• **What you need to do**
Please give the listing again in full, leaving out its images.

• **Source data**

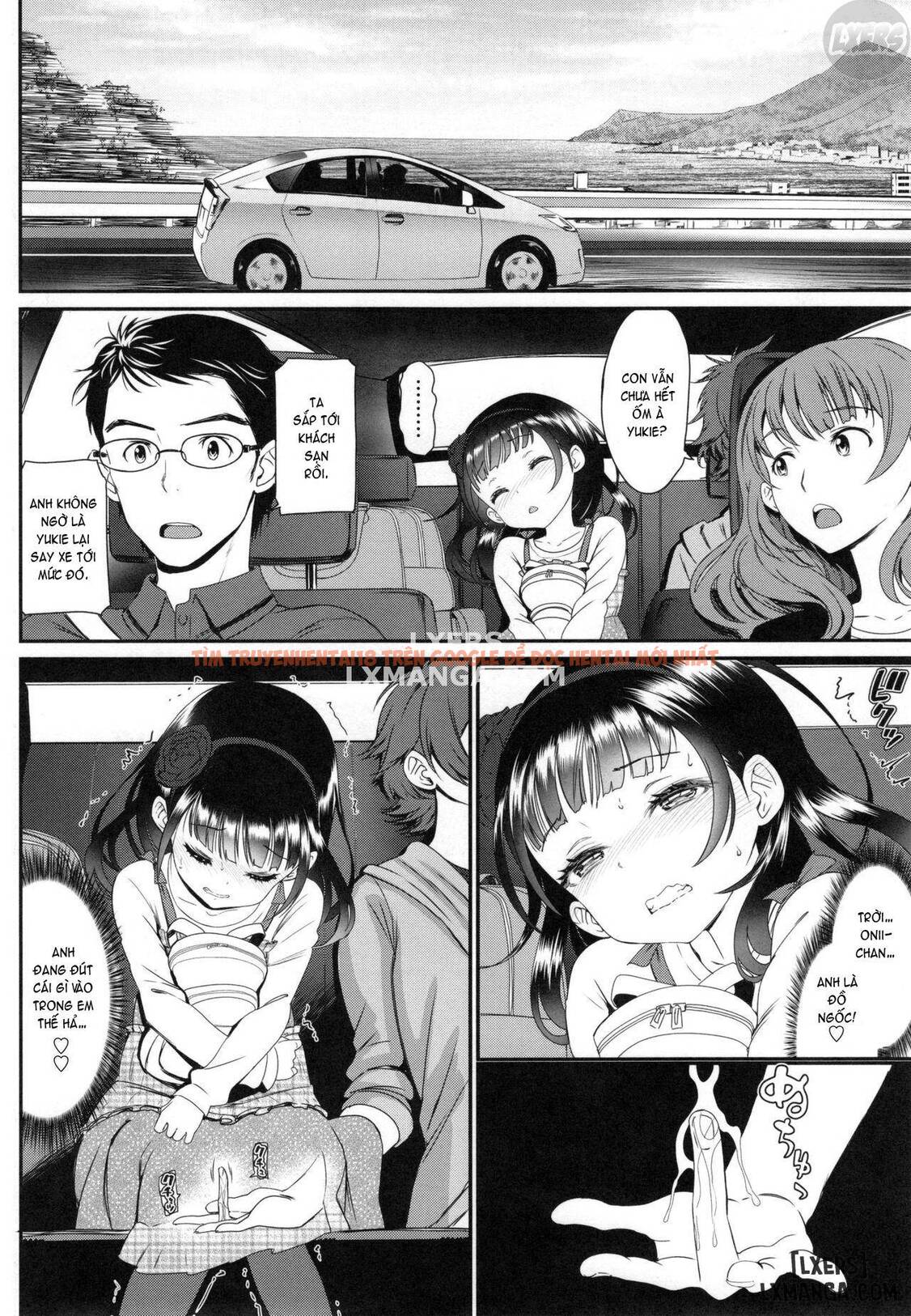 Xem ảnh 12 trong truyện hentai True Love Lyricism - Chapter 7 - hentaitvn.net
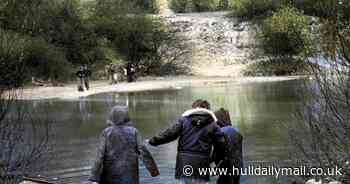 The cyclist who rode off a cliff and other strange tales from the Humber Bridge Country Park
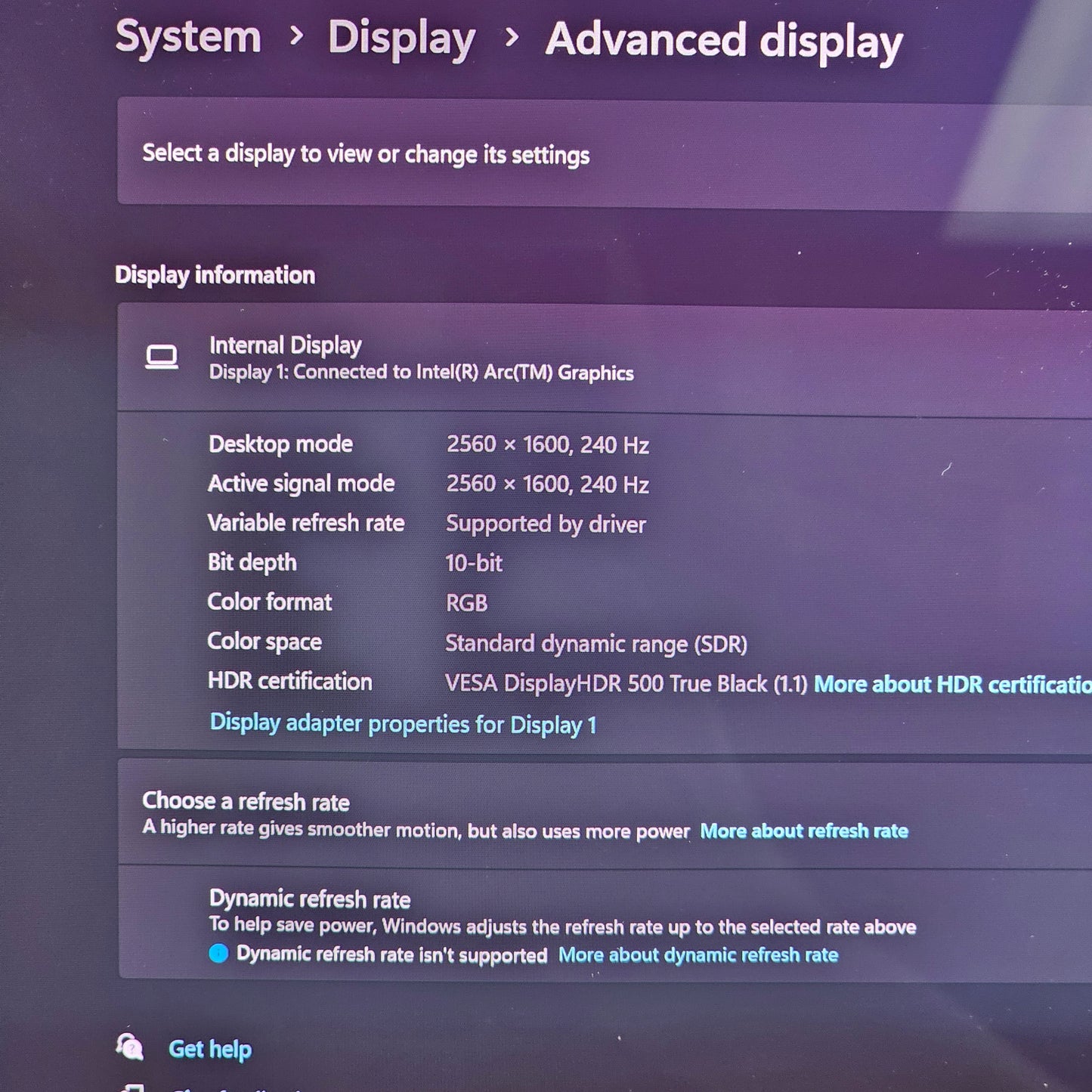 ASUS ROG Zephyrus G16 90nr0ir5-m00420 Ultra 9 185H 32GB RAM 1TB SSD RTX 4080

• **Response to the exercise**
 Xem ảnh 12 trong truyện hentai True Love Lyricism - Chapter 7 - hentaitvn.net
 The cyclist who rode off a cliff and other strange tales from the Humber Bridge Country Park
 ASUS ROG Zephyrus G16 90nr0ir5-m00420 Ultra 9 185H 32GB RAM 1TB SSD RTX 4080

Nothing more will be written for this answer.